Mr Nada is an 82-year-old Italian-Egyptian financier and businessman, who in November 2001 found himself in the unfortunate position of having his name added to the international list of suspected funders and supporters of al-Qaeda and the Taliban, which is maintained by the Sanctions Committee of the UN Security Council. Mr Nada has consistently denied that he has any connection to al-Qaeda or any other terrorist group, and in 2005 the Swiss Government closed an investigation after finding that the accusations against him were unsubstantiated. However, despite this Mr Nada remained on the list until September 2009. During the intervening 8 years the impact on Mr Nada’s health and his private and family life was severe, so he brought a claim against Switzerland for breach of his Article 8 rights, as well as breaches of Article 13 (right to an effective remedy), Article 3 (right not to be subjected to ill-treatment), Article 5 (right to liberty) and Article 9 (right to freedom of religion).

It’s all about location, location, location

The reason why Mr Nada was so badly affected by being on the UN Sanctions Committee list was that Security Council Resolution 1390 (2002) required all States to “prevent the entry into or the transit through their territories” of any individuals on the list. In response to this the Swiss Federal Government updated its domestic ‘Taliban Ordinance’ to prevent any crossing of the Swiss border by those named individuals, including Mr Nada. The particular difficulty for Mr Nada is that he has lived since 1970 in Campione d’Italia, which is a tiny Italian enclave of about 1.6 sq km, entirely surrounded by the Swiss Canton of Ticino and separated from the rest of Italy by Lake Lugano. As a result of this geographical quirk, Mr Nada was essentially imprisoned in a 1.6 sq km space for several years.

“But the Security Council made me do it…”

The Swiss Government’s response to Mr Nada’s human rights claim was, in essence, that they were just doing what the UN Security Council had told them to do. Switzerland could not remove Mr Nada from the list – only the Security Council could do that. In fact, Switzerland could not even formally request Mr Nada’s removal from the list – as he is an Italian national only Italy could do that. In the meantime, Switzerland had to follow the requirements of SCR 1390. Article 103 of the UN Charter provides as follows:

In the event of a conflict between the obligations of the Members of the United Nations under the present Charter and their obligations under any other international agreement, their obligations under the present Charter shall prevail.

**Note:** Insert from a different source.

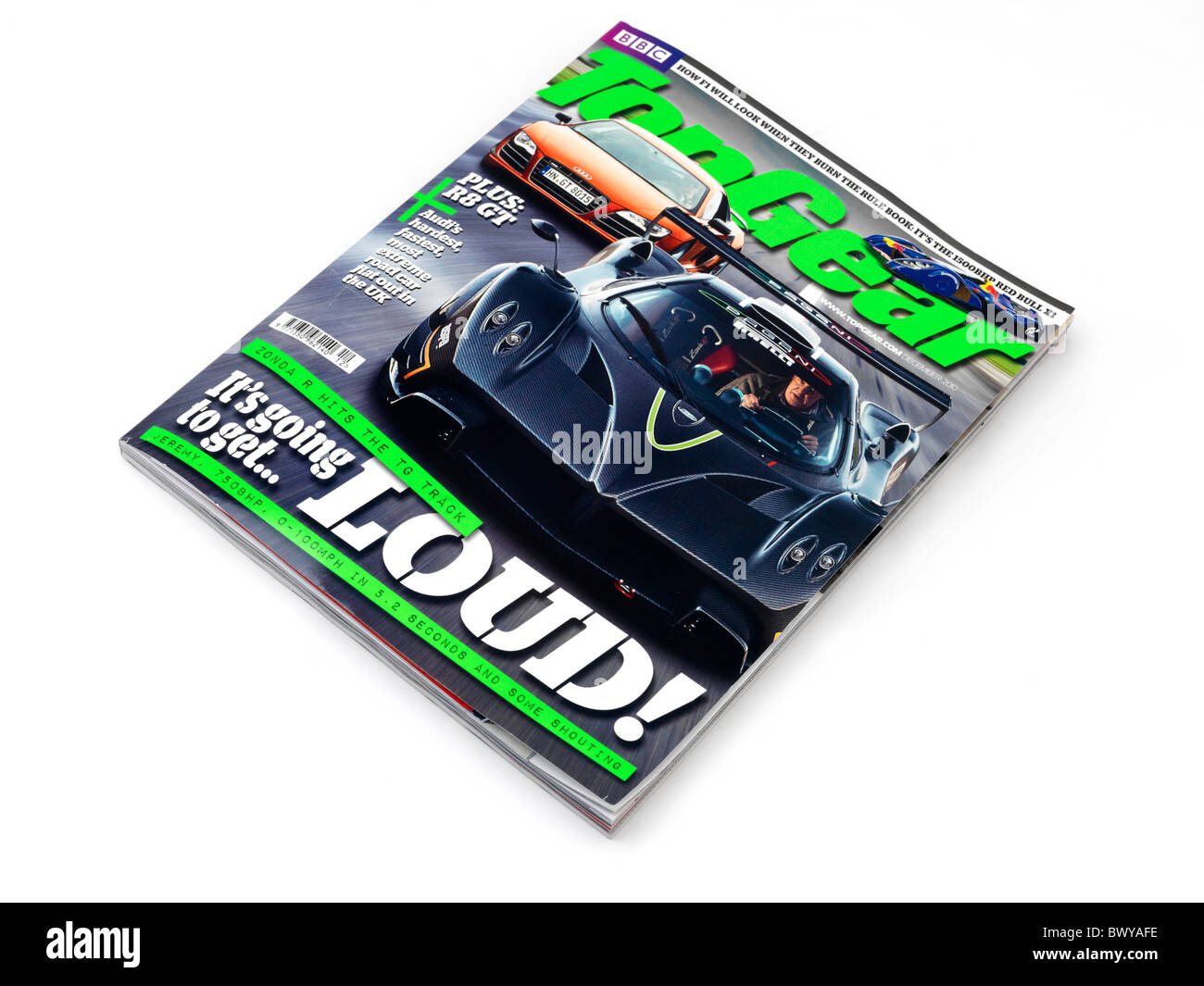 Car magazine Banque de photographies et d’images à haute résolution Alamy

Therefore the Swiss Government said that their obligation to follow the UN Security Council resolution trumped any Article 8 concerns under the Convention.

The Court’s decision

However, the ECtHR held that whilst Switzerland had to implement the UN Security Council resolution, the UN did not impose on States a particular model for its implementation. Switzerland still therefore had “limited but nevertheless real” latitude in exactly how it would impose the travel ban on Mr Nada (see para 180). The Court held that, in applying the travel restrictions to Mr Nada, Switzerland did not sufficiently take into account the peculiar circumstances in which he found himself (especially his age, health and the unique geographical situation). The Court also held that Switzerland could have done more to encourage Italy to request Mr Nada’s removal from the list, and should have done this sooner. The Court noted in particular that it was not until four years after the Swiss investigation into Mr Nada was closed for lack of evidence that the Italians were notified about it; once Italy was told about it, and requested his removal,  Mr Nada’s name was very shortly afterwards taken off the list.

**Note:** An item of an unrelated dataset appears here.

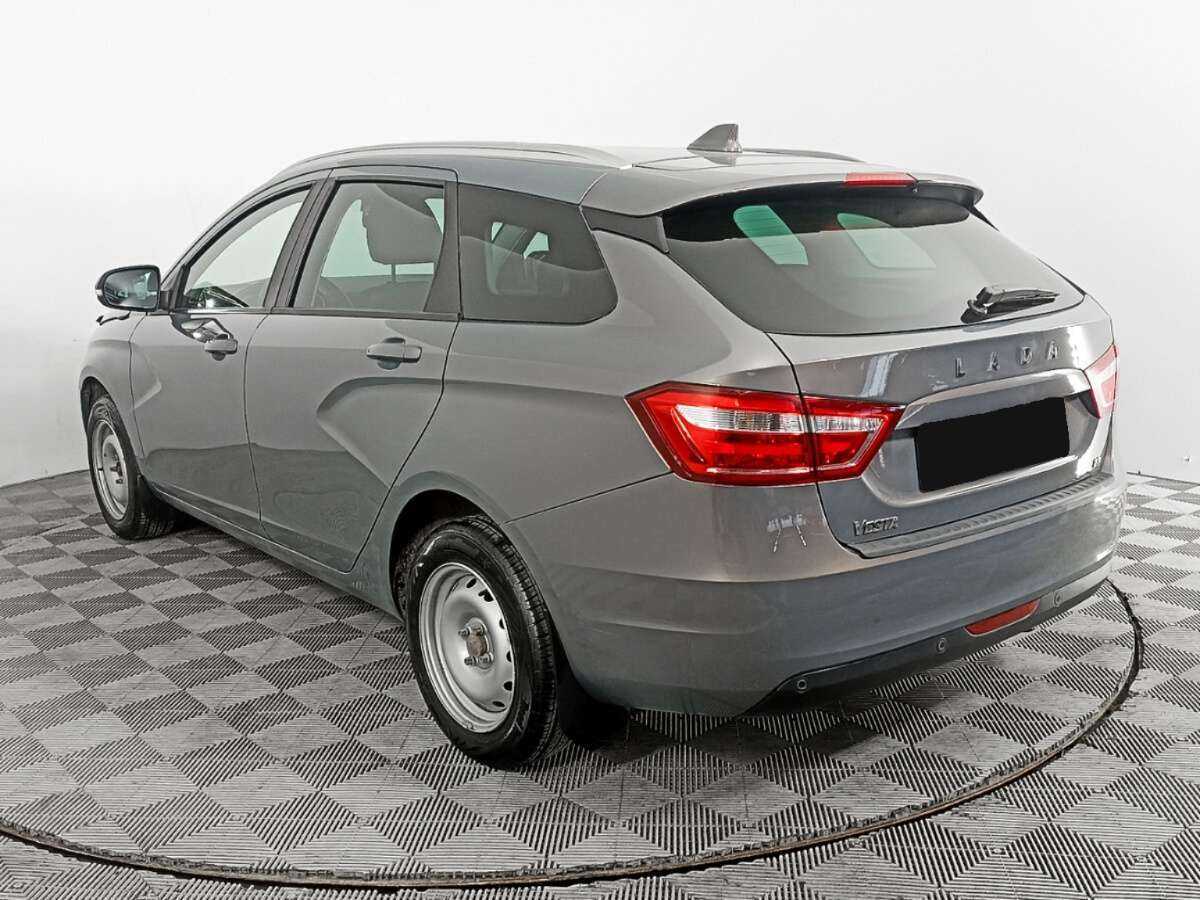 Купить Lada (ВАЗ) Vesta SW, 2017, 127 901 км, фото №7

Therefore the Court held that Switzerland had breached Mr Nada’s Article 8 rights.

(Almost) dodging the real question

As a result of taking this approach, the ECtHR dodged the thorny issue of whether Article 103 did, in fact, trump the Convention, holding at paras 196-197 that:

In the light of the Convention’s special character as a treaty for the collective enforcement of human rights and fundamental freedoms, the Court finds that the respondent State could not validly confine itself to relying on the binding nature of Security Council resolutions, but should have persuaded the Court that it had taken – or at least had attempted to take – all possible measures to adapt the sanctions regime to the applicant’s individual situation.

That finding dispenses the Court from determining the question…of the hierarchy between the obligations of the States Parties to the Convention under that instrument, on the one hand, and those arising from the United Nations Charter, on the other. In the Court’s view, the important point is that the respondent Government have failed to show that they attempted, as far as possible, to harmonise the obligations that they regarded as divergent.

Several of the Judges were somewhat uneasy about this analysis. Judges Bratza, Nicolaou and Yudkivska wrote a joint concurring opinion in which they said that they had “considerable doubts” about whether Switzerland did in fact have any latitude in implementing the UNSC resolution. They point out that Mr Nada’s case was different from the earlier case of Al-Jedda (about detention in Iraq – see our posts here and here), where the Court dealt with the Article 103 issue by finding that the relevant UNSC resolution did not specifically mention detention without trial and that, in the absence of clear and explicit language to the contrary, there was a presumption that the Security Council did not intend to impose any obligation on States to breach human rights. In Mr Nada’s case the UNSC resolution contained clear and specific language requiring a travel restriction to be placed on him. (This difference from the Al-Jedda case was also recognised in the main judgment at para 172.)

However, these three judges still dodged the Article 103 question, because in their view Switzerland, although it did not have any latitude in implementing the UNSC resolution, should still have taken such steps as were open to it to mitigate the effects on Mr Nada, and they did not do so.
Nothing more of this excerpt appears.